## Supplied data:
◆ ◆ ◆ ◆ ◆ ◆ ◆

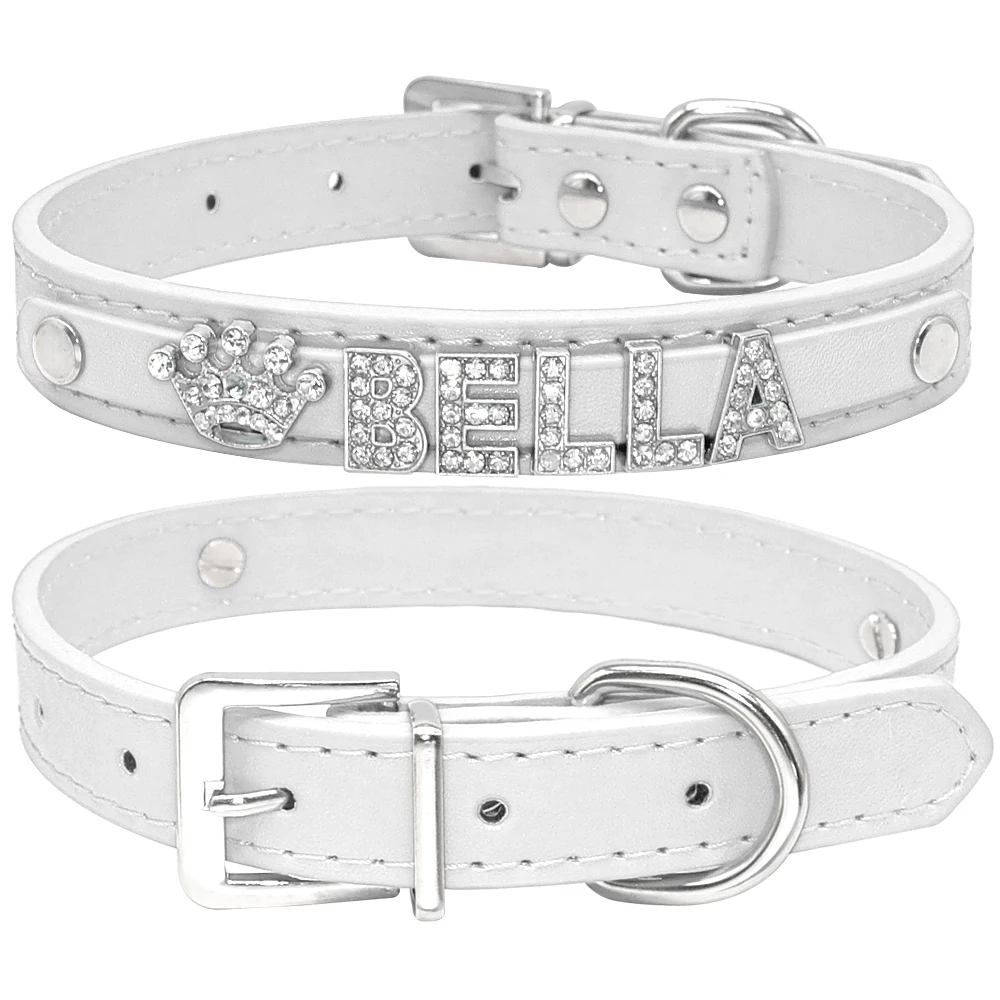 Personalized Small Dogs Chihuahua Collar Bling Rhinestone Dog Collars Free Custom Pet Dogs Cats Name Charms Pet Accessories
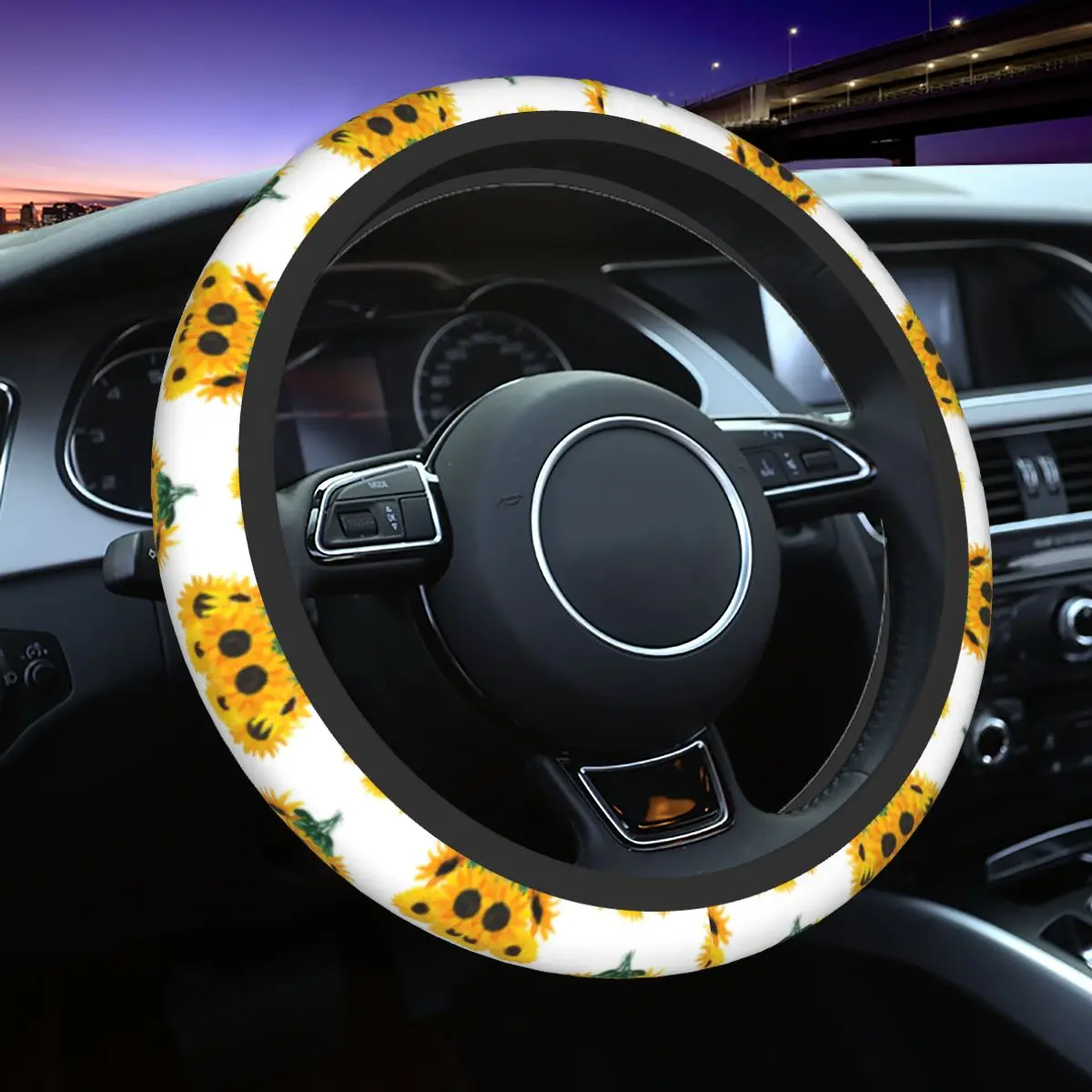Painted Sunflower Bouquet Car Steering Wheel Cover 37-38 Soft Nature Suitable Auto Decoration Steering-Wheel Accessories
Painted Sunflower Bouquet Car Steering Wheel Cover 37-38 Soft Nature Suitable Auto Decoration Steering-Wheel Accessories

◆ ◆ ◆ ◆ ◆ ◆ ◆

## Activity:
Could you return the whole listing exactly, images excluded?

## Solution below:
 Personalized Small Dogs Chihuahua Collar Bling Rhinestone Dog Collars Free Custom Pet Dogs Cats Name Charms Pet Accessories
Painted Sunflower Bouquet Car Steering Wheel Cover 37-38 Soft Nature Suitable Auto Decoration Steering-Wheel Accessories
Painted Sunflower Bouquet Car Steering Wheel Cover 37-38 Soft Nature Suitable Auto Decoration Steering-Wheel Accessories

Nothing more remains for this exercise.